→ **WHAT THE TASK ASKS**
All of the records should be given again verbatim.

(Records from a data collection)

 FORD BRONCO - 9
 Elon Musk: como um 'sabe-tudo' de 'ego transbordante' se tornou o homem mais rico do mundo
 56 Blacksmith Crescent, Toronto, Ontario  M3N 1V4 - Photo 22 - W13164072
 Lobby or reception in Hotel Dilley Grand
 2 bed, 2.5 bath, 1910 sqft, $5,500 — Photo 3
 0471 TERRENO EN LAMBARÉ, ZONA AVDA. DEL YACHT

→ **OUTPUT FOR THIS TASK**
 FORD BRONCO - 9
 Elon Musk: como um 'sabe-tudo' de 'ego transbordante' se tornou o homem mais rico do mundo
 56 Blacksmith Crescent, Toronto, Ontario  M3N 1V4 - Photo 22 - W13164072
 Lobby or reception in Hotel Dilley Grand
 2 bed, 2.5 bath, 1910 sqft, $5,500 — Photo 3
 0471 TERRENO EN LAMBARÉ, ZONA AVDA. DEL YACHT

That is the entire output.